In 2014, researchers from RMIT University spoke at my workplace about seabirds with guts full of plastic, wildlife entangled in plastic debris, huge garbage patches out in the ocean, and microbeads attracting pollutants which move up the food chain.
I’d been working in an organisation that manages river health for ten years, but I was still shocked at how bad the plastic pollution problem was, as were many others in the audience.
Seven months later, this presentation would lead me to participate in the Plastic Free July Challenge, to refuse all single-use plastic for one month, and shortly after that, start a blog called Gippsland Unwrapped to share my ongoing plastic free and zero waste living experiences with others.
Since I decided to become part of the plastic pollution solution, rather than contribute to the problem, I have discovered some really simple swaps we can all make to significantly reduce the amount of single-use plastic in our lives, and therefore the amount of plastic that ends up in our environment.
- Swap disposable plastic bags with reusable bags
The most obvious place to start is to make sure you remember to take your reusable shopping bags everywhere you shop, every time you shop. Get in the habit of saying “no bag thanks” and having your reusable bag handy or being prepared to carry your purchase. A really environmentally friendly way to get yourself some reusable bags is to make them yourself from old clothing and other pieces of fabric from around your home.
Supermarket produce bags are another category of plastic bag that is sometimes forgotten about. Reusable produce bags are versatile, easy to wash, so light they don’t need to be weighed, and so compact they can be carried with you all the time. You can buy them at markets or online stores but they can also be easily made at home from suitable materials like old lace curtains or saved citrus bags. You will feel good about making this change.

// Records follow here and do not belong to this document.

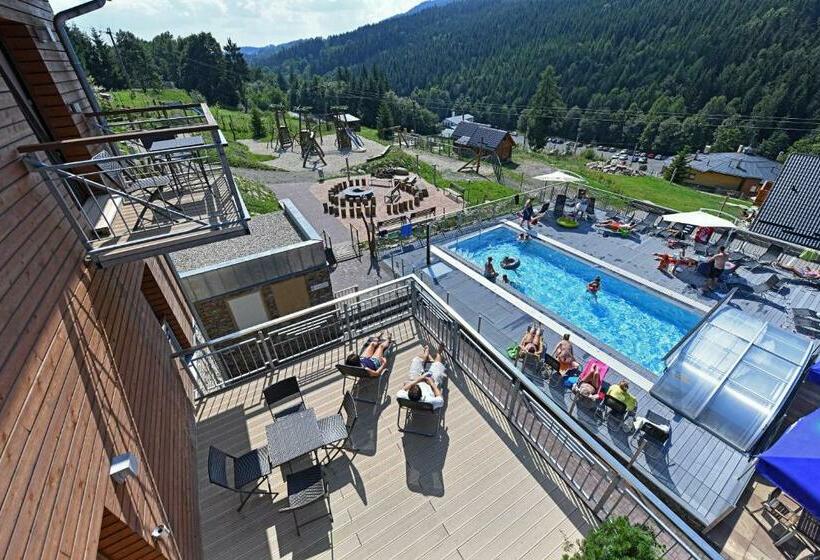 آپارتمان 1 خوابه با بالکن, Jirinka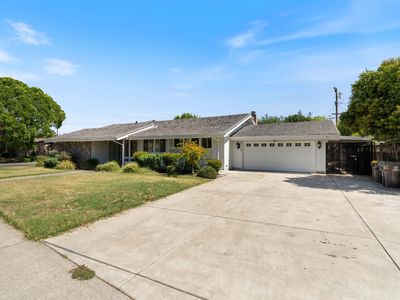 8 W Robinhood Dr
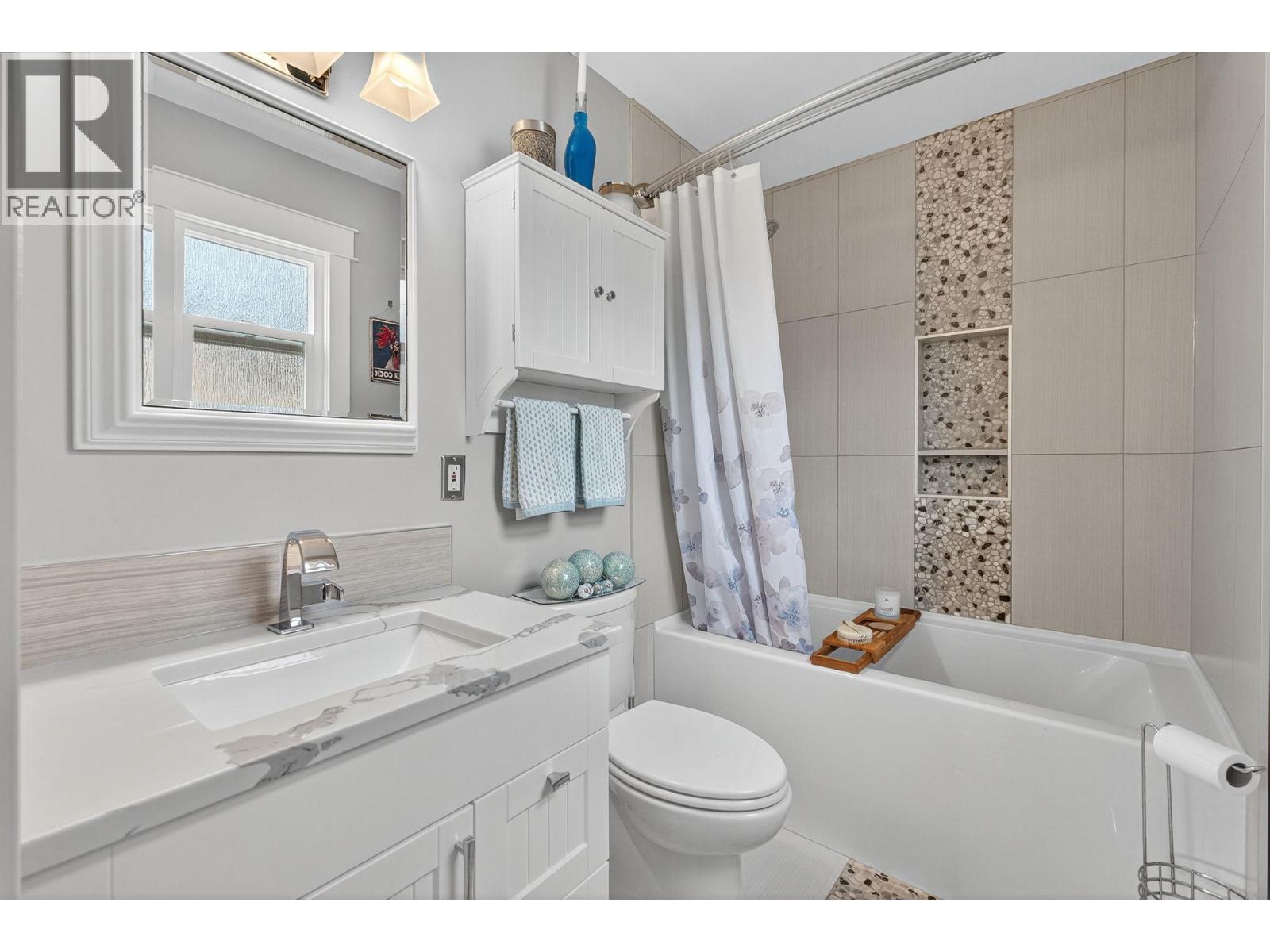 3920 Mowitch Court, Kelowna, British Columbia  V1W 4E6 - Photo 38 - 10386376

Now take the reusable bag idea further and buy your bread and dry foods in reusable cloth bags. Again, you can buy bread bags or make them at home.
2.Swap disposable cups with a reusable cup
Coffee cups aren’t only made of paper, most are lined with a coating of polyethylene which is a type of plastic. This makes them hard to recycle or compost, and most end up in our environment or in landfill. Instead of a disposable cup, use a reusable travel cup, or a jar with a lid, or consider sitting down to enjoy your drink rather than getting takeaway.

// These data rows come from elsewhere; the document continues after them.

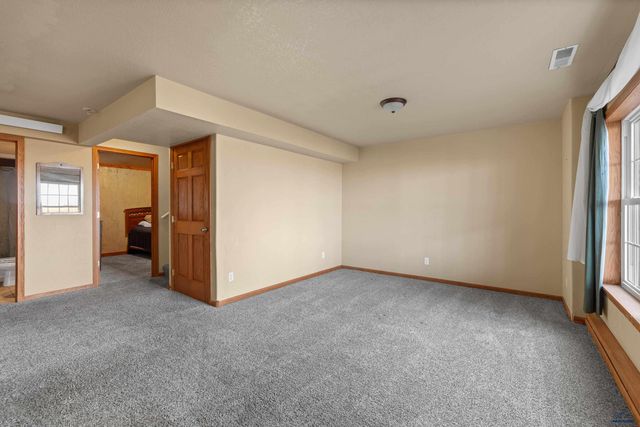 6530 WELLINGTON DR, Rapid City, SD 57702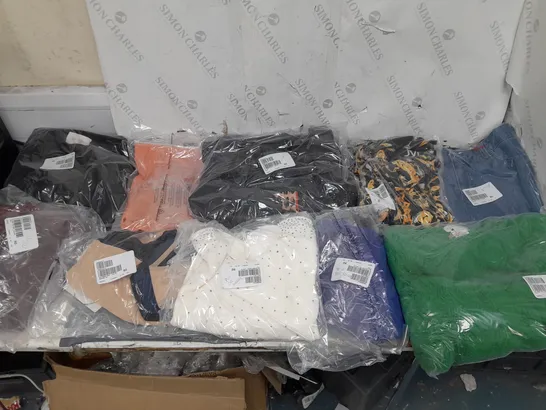 BOX OF APPROXIMATELY 10 ASSORTED BAGGED PIECES OF CLOTHING IN VARIOUS STYLES, SIZES, AND BRANDS 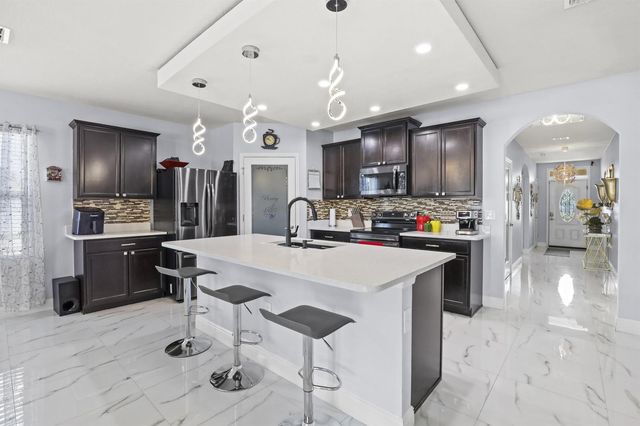 275 SW Tulip Boulevard, Port St. Lucie, FL 34953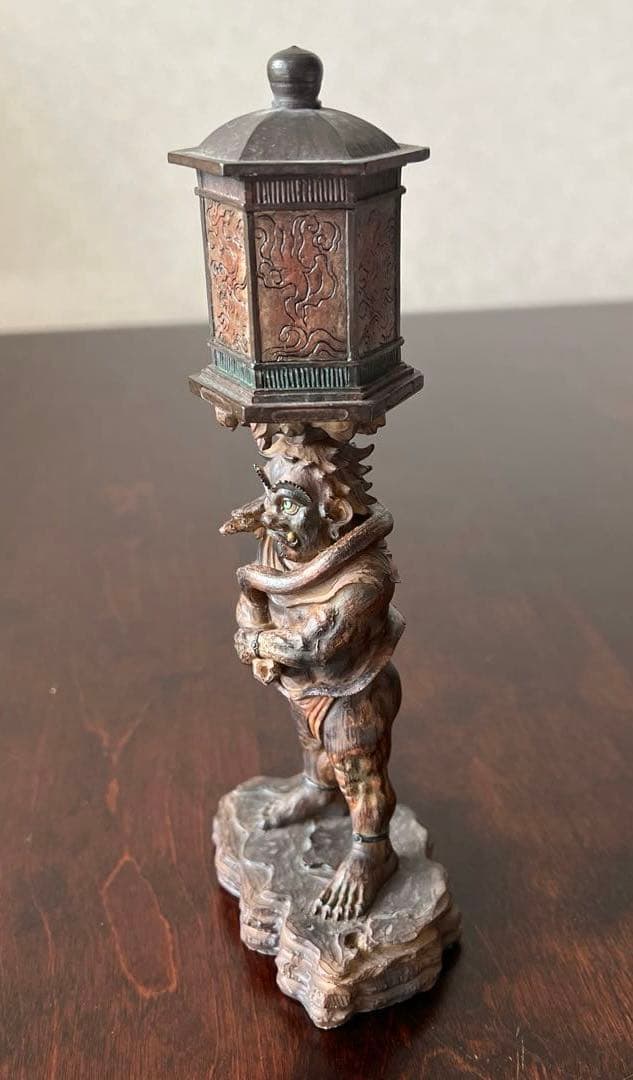 小さいけれど迫力があります　奈良・興福寺の国宝　龍燈鬼立像　レプリカ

3.Swap disposable bottles of water with a reusable bottle
Get in the habit of having a reusable water bottle handy at all times. Apart from the plastic pollution problem, bottled water is much more expensive and uses a lot of resources in the harvesting, packaging, transportation and distribution of water than refilling a bottle with tap water. You can even download the ChooseTap App to help you find refill stations.
4.Swap single use packaging with reusable containers
You can bring clean containers from home to buy meat, fish, cheese and other items from the deli. Customer service staff should know how to use their scales so you only pay for the weight of the food. You can even use reusable containers to get takeaway food, or take home leftovers from restaurants.

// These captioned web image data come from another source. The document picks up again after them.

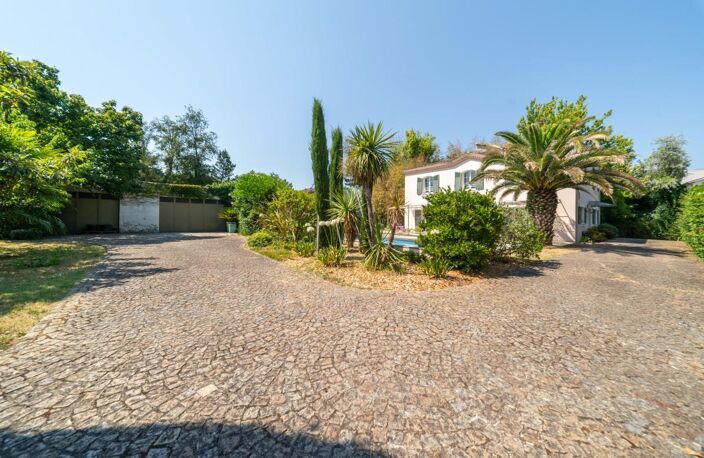 Achat immobilier BRUGES Maison 207 m2 5 chambres — photo 5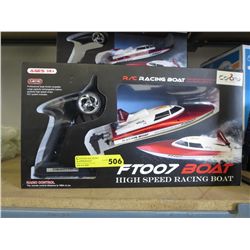 R/C racing boat
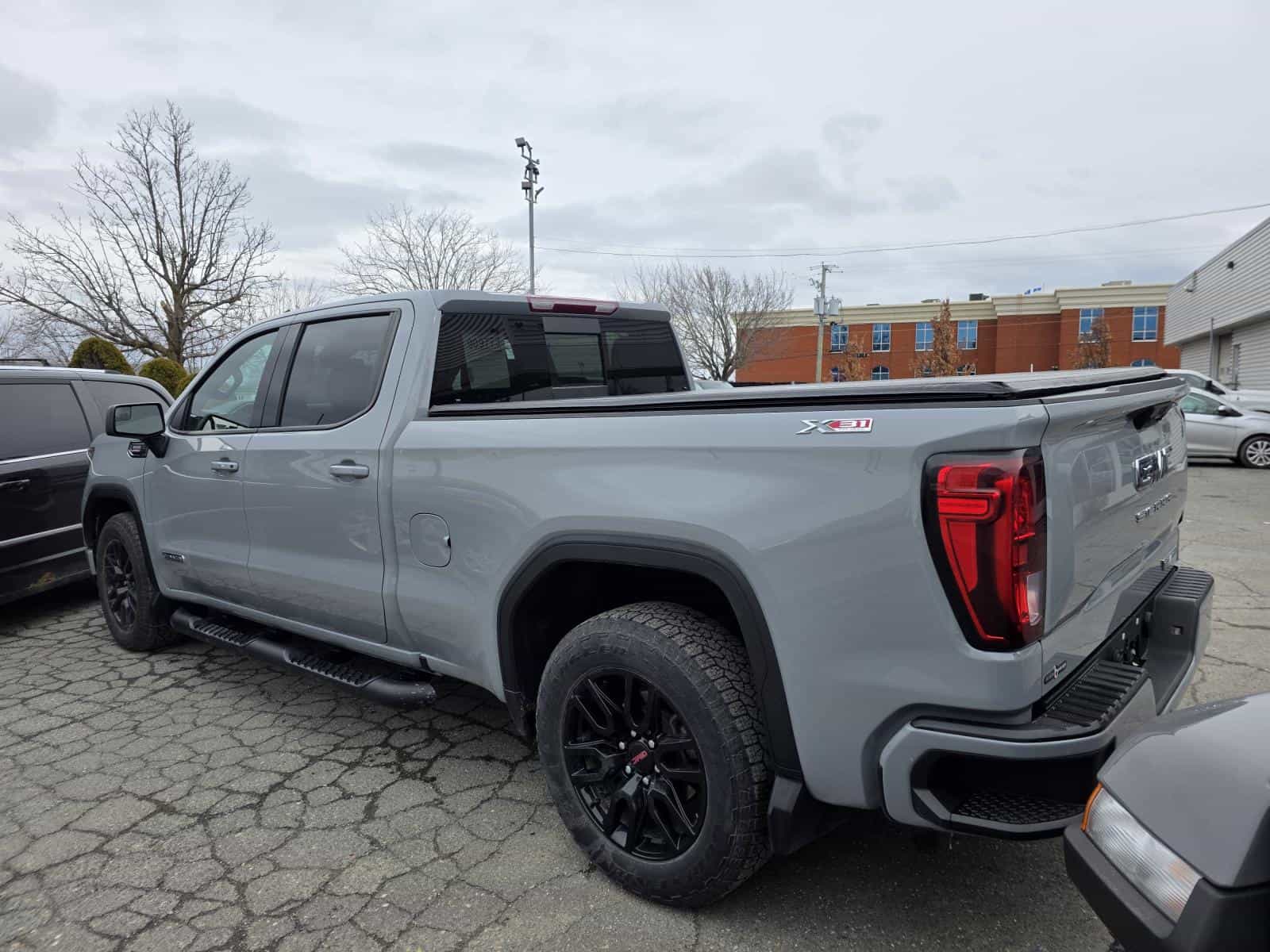 Image 11 GMC Sierra 1500 Elevation 2024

Glass jars and bottles are perfect containers for collecting dried herbs, spices, salts, tea, oils, detergents, and vinegar. The uses are only limited by your imagination. The process for weighing your goods is the same as for meat and deli purchases. If you are going to bring a bottle to refill with a product you should know how many millilitres the bottle holds so that you can pay accordingly.
No doubt you will hear somewhere along the way that using your own containers is unhygienic or against health regulations. This is not the case, there is no health and safety regulation preventing you from using your own container instead of disposable packaging. However, a business has the right to refuse to use your container under their own policies. Learn more here.
It will be a bit nerve wracking when you first use your own containers but stay confident and keep at it. You’ll be proud of yourself in the end.
5.Swap plastic cling wrap with reusable food covers
Plastic cling wrap has become something we consider essential in the kitchen, but I have found it to be completely unnecessary. Instead of using cling wrap, try using plates on top of plates, containers, tea towels, shower caps, silicone lids or beeswax wraps.
6.Swap disposable plastic straws for a reusable straw, or just use your lips
You may not have given straws a lot of thought but straws are in the top 10 items picked up at beach cleanups in Australia. Make sure you refuse to use plastic straws so they don’t end up on our beaches, in the throats of birds or in the nasal passages of turtles. If you really like to use a straw, get yourself a reusable one with a cleaning brush.
For me, refusing single-use plastic is a protest against the misuse of plastic. It is a material designed to last for hundreds of years, yet we consume it and throw it away after just a few seconds with devastating impacts. Refusing single-use plastic is also about using my consumer power to drive change, and, it’s about being the change I want to see in the world.